Discerning a sound reaching through a barrier may be needed in a variety of situations. One example may relate to a person inside a house, trying to discern external sounds, e.g. for safety reasons. Apparently, the sounds outside the house are damped by barriers such as walls, doors and windows. On the other hand, noises generated inside the house, such as family talks, sounds from radio/tv, etc. interfere with the damped external sounds and make their decerning even more difficult.
Further, discerning a sound reaching through a barrier can be helpful in various transport applications. For example, when a moving car is approached by a vehicle with a siren on, the soonest discerning the siren sound by the car driver is crucial for safety. Here, the car body, doors and windows are barriers damping external sounds including the siren. This damping may be significant because most car manufacturers explicitly design car bodies to be as soundproof as possible for the comfort of drivers and passengers. Moreover, internal sounds e.g. music reproduced by car audio, can interfere with discerning the siren by the car driver.

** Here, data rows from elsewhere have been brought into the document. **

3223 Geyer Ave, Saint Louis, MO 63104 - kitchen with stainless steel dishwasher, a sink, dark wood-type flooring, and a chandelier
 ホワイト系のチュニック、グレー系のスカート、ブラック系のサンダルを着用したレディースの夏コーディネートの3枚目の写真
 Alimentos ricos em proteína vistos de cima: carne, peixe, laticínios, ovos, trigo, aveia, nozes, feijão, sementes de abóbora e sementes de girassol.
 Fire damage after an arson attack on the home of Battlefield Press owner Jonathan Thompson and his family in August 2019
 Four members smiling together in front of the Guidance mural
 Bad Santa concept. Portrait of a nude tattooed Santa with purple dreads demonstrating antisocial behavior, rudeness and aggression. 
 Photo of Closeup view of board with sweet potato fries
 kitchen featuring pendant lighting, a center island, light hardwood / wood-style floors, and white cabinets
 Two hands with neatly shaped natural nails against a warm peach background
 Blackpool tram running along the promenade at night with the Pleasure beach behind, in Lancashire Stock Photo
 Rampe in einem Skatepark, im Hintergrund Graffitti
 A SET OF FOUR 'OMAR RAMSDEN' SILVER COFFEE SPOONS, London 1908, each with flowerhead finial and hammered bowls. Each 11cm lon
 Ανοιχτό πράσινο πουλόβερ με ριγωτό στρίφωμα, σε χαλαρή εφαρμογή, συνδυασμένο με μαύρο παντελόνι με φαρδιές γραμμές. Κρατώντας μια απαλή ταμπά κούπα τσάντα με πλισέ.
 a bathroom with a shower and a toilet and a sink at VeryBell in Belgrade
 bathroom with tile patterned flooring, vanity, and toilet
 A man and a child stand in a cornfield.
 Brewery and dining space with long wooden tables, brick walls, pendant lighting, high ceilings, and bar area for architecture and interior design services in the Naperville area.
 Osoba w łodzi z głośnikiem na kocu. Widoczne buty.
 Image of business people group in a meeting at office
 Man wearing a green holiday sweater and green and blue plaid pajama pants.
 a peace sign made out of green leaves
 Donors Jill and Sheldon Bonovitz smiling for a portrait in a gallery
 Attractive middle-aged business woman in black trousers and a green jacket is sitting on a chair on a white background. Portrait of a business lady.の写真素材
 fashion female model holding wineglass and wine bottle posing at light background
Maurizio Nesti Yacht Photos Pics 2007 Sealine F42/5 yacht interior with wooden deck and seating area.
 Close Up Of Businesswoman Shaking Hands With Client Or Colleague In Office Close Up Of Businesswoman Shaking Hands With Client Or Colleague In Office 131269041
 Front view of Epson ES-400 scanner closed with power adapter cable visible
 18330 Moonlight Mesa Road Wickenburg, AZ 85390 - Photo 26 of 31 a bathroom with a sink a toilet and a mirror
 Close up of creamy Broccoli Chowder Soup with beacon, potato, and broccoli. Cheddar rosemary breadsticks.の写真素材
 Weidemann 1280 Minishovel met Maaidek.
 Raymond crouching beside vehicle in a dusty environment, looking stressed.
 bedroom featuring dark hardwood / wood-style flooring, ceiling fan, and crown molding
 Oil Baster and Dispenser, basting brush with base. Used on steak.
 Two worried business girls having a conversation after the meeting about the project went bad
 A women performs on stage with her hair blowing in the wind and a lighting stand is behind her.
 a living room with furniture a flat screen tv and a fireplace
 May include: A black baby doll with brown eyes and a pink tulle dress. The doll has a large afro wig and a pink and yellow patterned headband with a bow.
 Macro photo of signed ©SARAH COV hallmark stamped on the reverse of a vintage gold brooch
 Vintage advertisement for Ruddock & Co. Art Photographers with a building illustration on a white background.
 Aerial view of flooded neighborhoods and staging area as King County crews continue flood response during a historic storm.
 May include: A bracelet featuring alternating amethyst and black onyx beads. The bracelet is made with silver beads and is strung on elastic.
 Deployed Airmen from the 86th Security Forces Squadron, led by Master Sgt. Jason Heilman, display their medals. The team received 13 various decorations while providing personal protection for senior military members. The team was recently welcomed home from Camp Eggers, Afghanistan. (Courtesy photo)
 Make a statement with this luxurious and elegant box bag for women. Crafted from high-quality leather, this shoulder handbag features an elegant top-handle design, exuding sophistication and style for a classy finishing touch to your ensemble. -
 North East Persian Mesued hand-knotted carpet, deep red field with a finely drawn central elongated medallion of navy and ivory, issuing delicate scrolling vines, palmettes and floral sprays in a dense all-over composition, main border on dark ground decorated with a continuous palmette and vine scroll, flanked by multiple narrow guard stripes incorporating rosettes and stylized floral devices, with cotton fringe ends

Another example relates to dashcams used to record video footage of the road and environment surrounding a vehicle during driving. In the event of an accident, dashcams are useful in evaluating driving behavior, understanding the circumstances of the accident, and determining fault or liability. A dashcam typically comprises a camera and a recorder all located inside the vehicle. Most modern dashcams include a built-in microphone. Sound picked by a microphone and recorded along with the video may add essential data such as the sounds of traffic or weather conditions, collisions, brake squeaks, etc. Recorded sounds can also provide information about the performance of the vehicle, such as the sounds of the engine or tires. This information can be useful in evaluating the condition of the vehicle and identifying potential safety concerns or maintenance issues.
Here again, external sounds are damped by the vehicle body, doors and windows and affected by internal sounds before reaching the microphone of the dashcam. This hinders the sound decerning when playing the record. Along with this, it is prohibited in many countries to record audio together with video even for security purposes, as it affects passengers' privacy. Removing the in-car sounds from the recording could alleviate this problem. What is said here regarding dashcams also relates to vehicle black boxes. In some jurisdictions, vehicle black boxes are required by law to record certain types of data, including sounds outside the vehicle. Recording sounds outside the vehicle can help ensure compliance with these regulations.
However, the invention is not limited to these examples, and relates to any situation in which a sound generated on one side (that shall be regarded as external side) of a barrier is to be perceived by a listener on the other (internal) side thereof.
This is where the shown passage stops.